Yes, the classic model includes five phases:
- Empathize – understand the user
- Define – articulate the real problem
- Ideate – generate possible solutions
- Prototype – give ideas a tangible form
- Test – verify before building
But in real-life projects, you rarely move through them linearly. You start with a test, jump back to empathy, pivot mid-way, and redefine the problem.
Design Thinking is not a checklist. It’s a mode of operating that tells you: “Don’t assume — test. Don’t polish — explore.”
How I Apply Design Thinking at Work
🔹 Empathy doesn’t need a workshop
Sometimes it’s just talking to the support team or reading Jira tickets. You may not have a research budget, but if you’re curious — that’s enough.
🔹 Problem definition isn’t always sexy
Sometimes it comes as a vague note: “Users don’t complete the signup flow.”
Before redesigning anything, ask: Why not?
The answer is often outside the screen.
🔹 Ideation can be quiet and solo
You won’t always have a full team with Post-its. Sometimes it’s just you and a notebook.
If you’re exploring multiple paths, you’re ideating.

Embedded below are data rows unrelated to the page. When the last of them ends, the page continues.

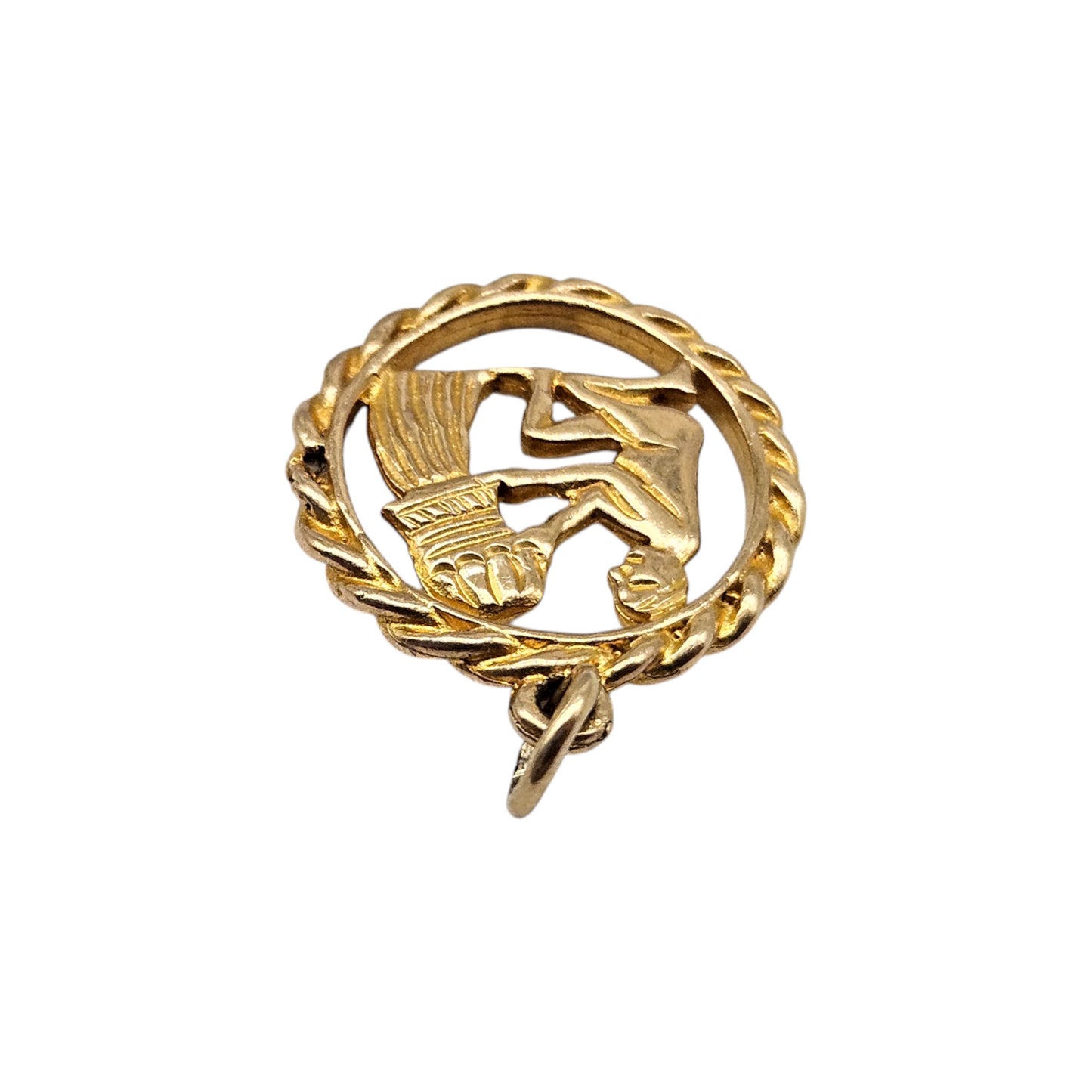9ct 375 Yellow Gold Aquarius Charm 1957 L 1.5 cm 1.5 g.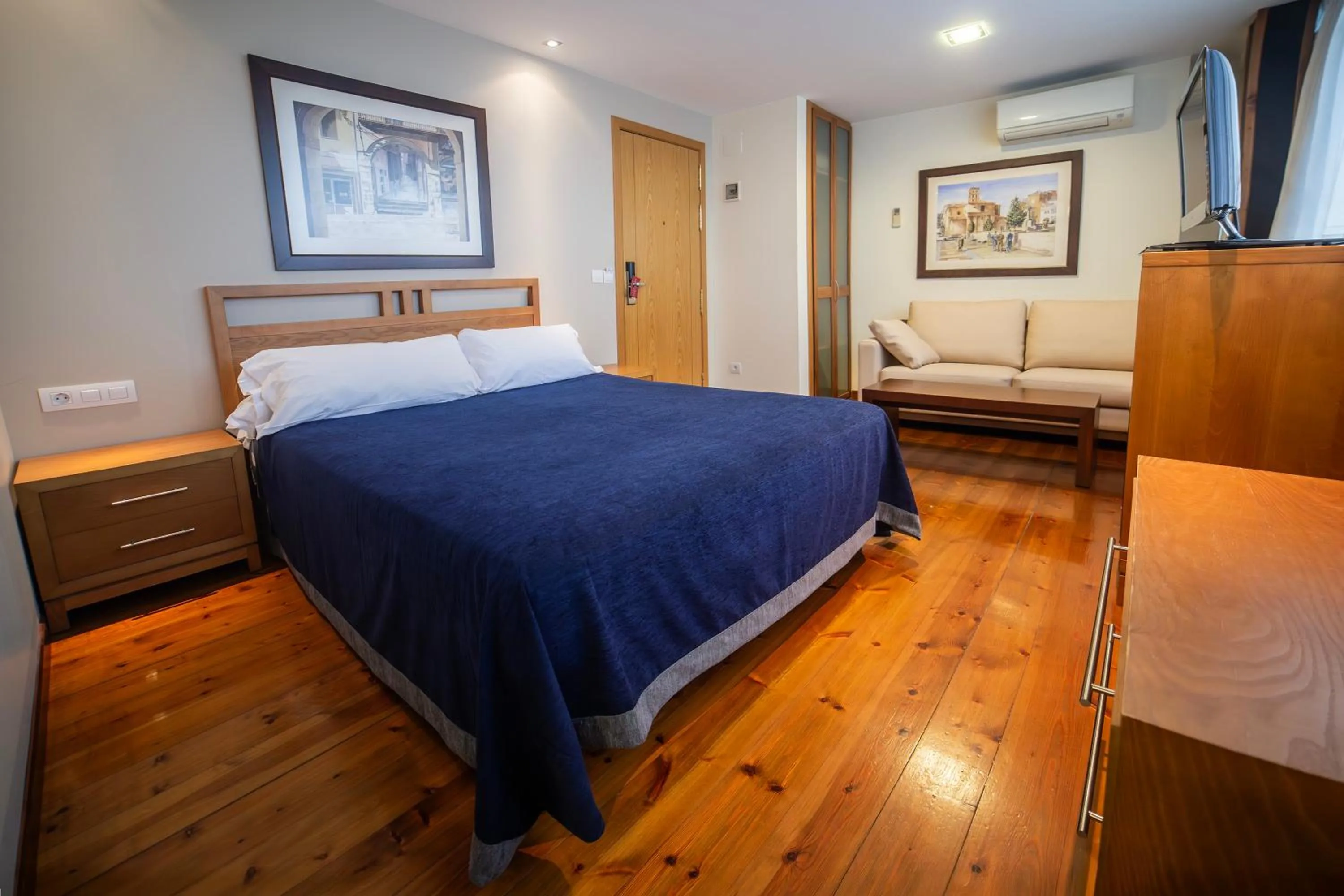 Photo of the whole room, Bed in Hotel Auditorio Santiago & Spa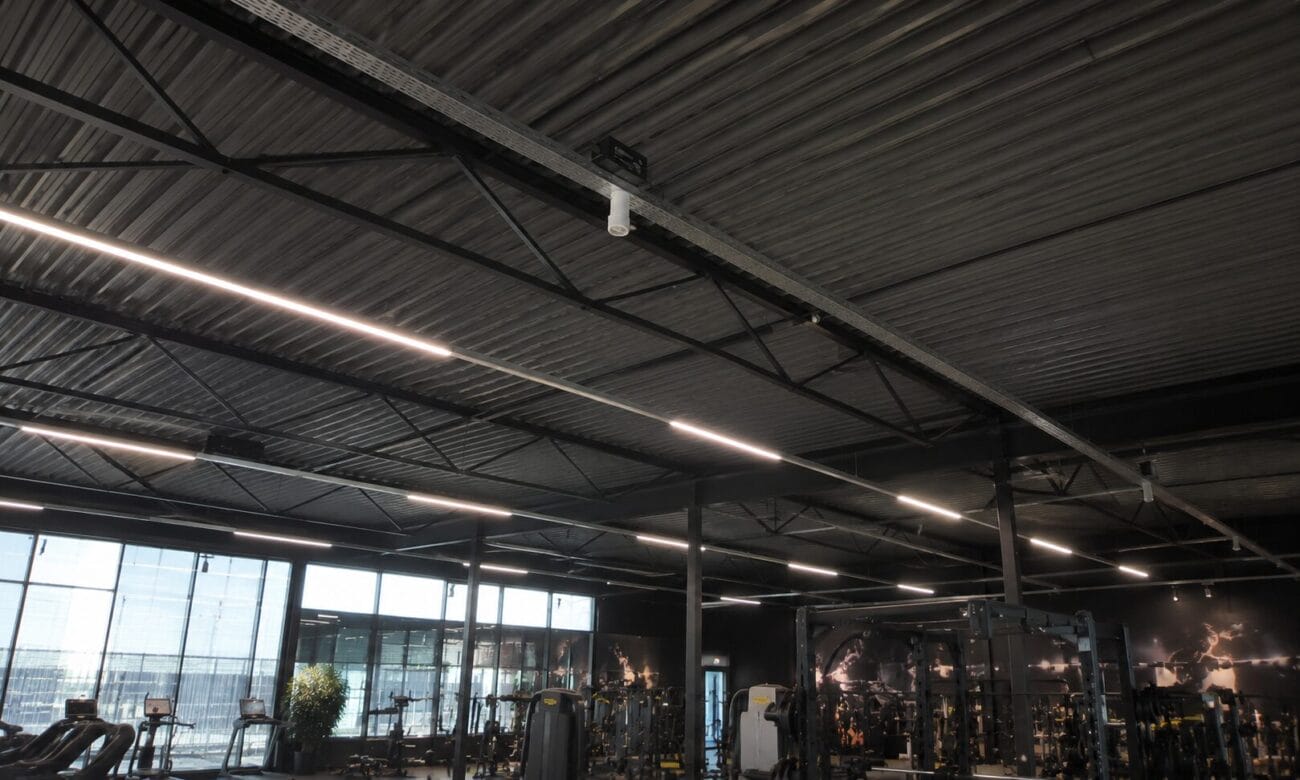 LED-retrofitmodules in een sporthal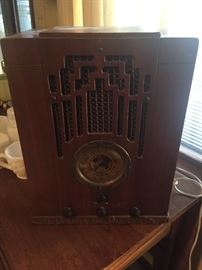 Vintage Monarch radio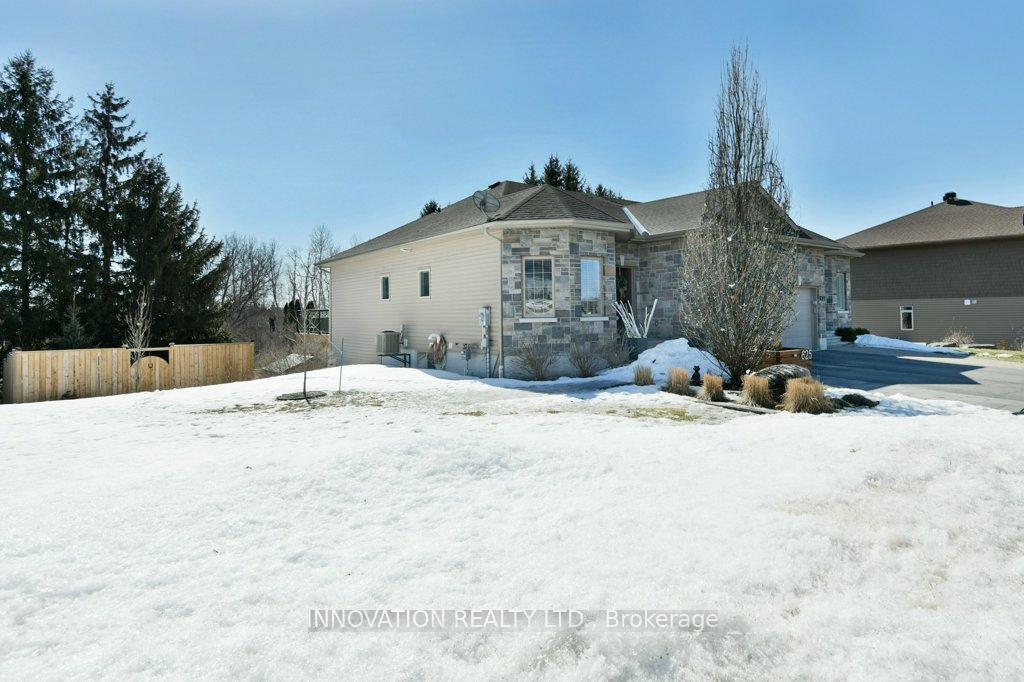 Photo 2 of 625 Meadowridge Circle, Ottawa, Carp — HOMEH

🔹 Prototypes don’t need to be beautiful
They can be raw, sketched, even just boxes on paper.
The goal is to move from thought to form — fast.
🔹 Testing isn’t just for users
It can also mean hearing a developer say: “This will be hard to build.”
Instead of pushing, ask: What would be easier?
That’s testing too — and it gives you data.
What Design Thinking Gives Me
- I can start a project without panicking about having all the answers
- I’ve learned to sit with uncertainty and not cling to my first idea
- I’m more open to critique because I treat everything as temporary
- I stay focused on outcomes, not just features
It brings clarity without rigidity. It reminds me that the problem comes before aesthetics, and the user comes before my ego.
It’s Not About Workshops. It’s About How You Think.
You don’t need to be a certified facilitator or draw the five-phase pentagon. You just need to:
- Listen
- Ask
- Test
- Iterate
- And stop trusting your assumptions
If you do that — you’re doing Design Thinking. Even if nobody calls it that.
Design Thinking Powers Modern UX Education
This mindset isn’t just trendy — it’s foundational.
For example, the Google UX Design Certificate, which I completed, is built entirely around Design Thinking.
It’s an excellent path for junior designers — not just for mastering tools, but for understanding how to think and act like a designer.
If you’re new to UX, Design Thinking is not optional — it’s essential.